### Problem
Copy exactly the lines of the material below that run from the one containing "ArkouVilla ZwinA的白色的客房设有床和窗户。" through the one containing "RedDoorz Syariah near Transmart Pabelan Solo". Copy no other lines.
---------- Record set
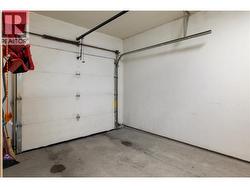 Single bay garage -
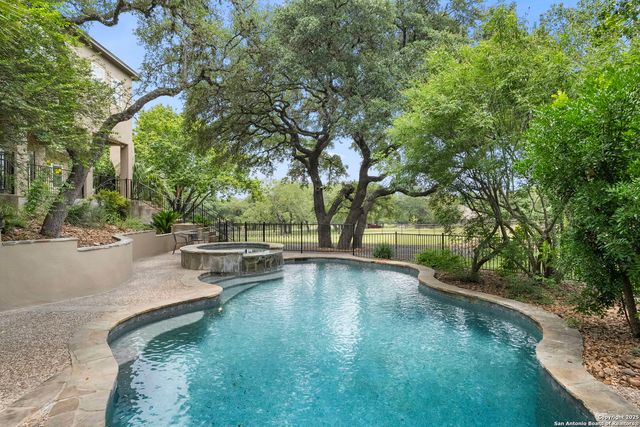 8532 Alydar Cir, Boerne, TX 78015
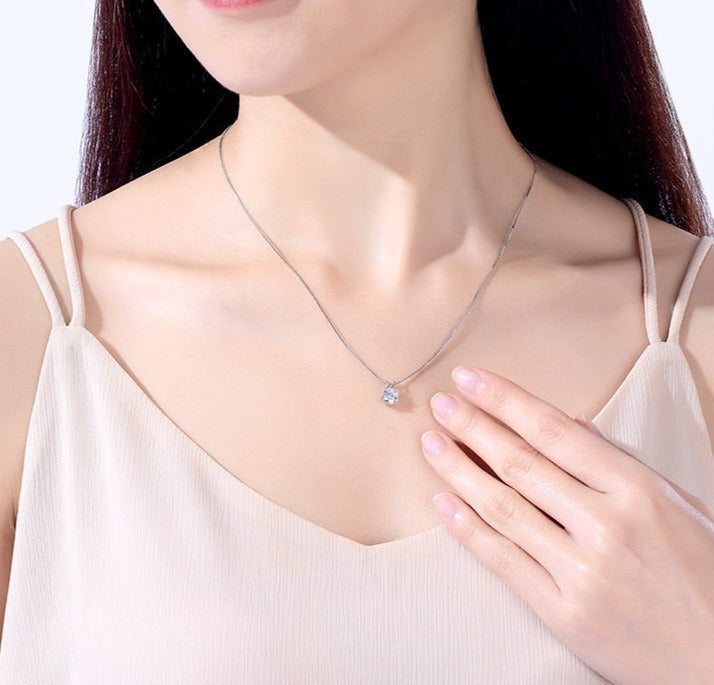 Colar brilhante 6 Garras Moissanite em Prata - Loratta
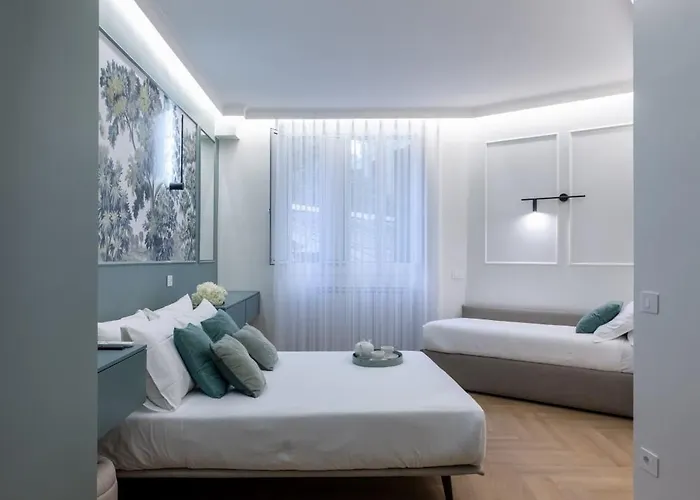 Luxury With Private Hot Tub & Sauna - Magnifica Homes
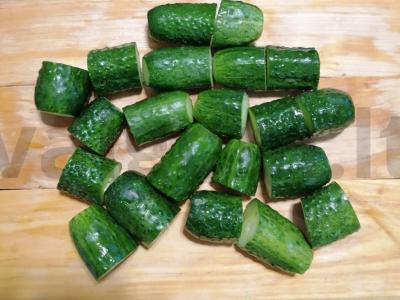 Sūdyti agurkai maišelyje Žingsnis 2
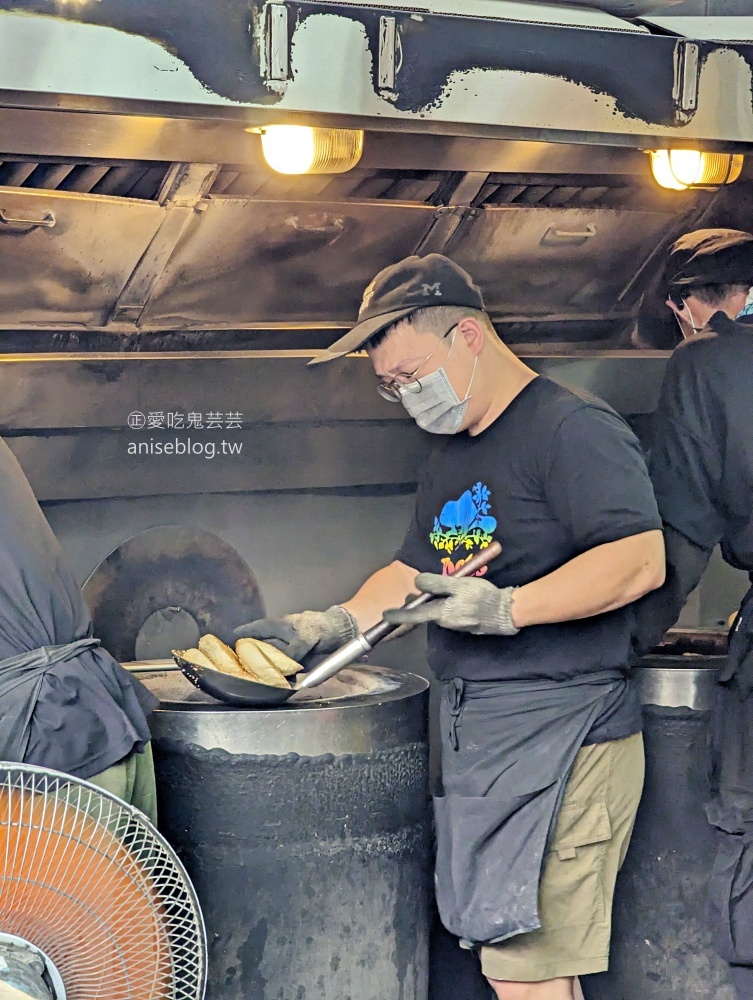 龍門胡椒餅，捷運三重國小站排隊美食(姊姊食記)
--------------------
---------- Record set
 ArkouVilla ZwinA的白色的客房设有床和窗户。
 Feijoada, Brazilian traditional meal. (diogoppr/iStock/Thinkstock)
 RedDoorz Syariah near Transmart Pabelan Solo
--------------------
### Result of this exercise
 ArkouVilla ZwinA的白色的客房设有床和窗户。
 Feijoada, Brazilian traditional meal. (diogoppr/iStock/Thinkstock)
 RedDoorz Syariah near Transmart Pabelan Solo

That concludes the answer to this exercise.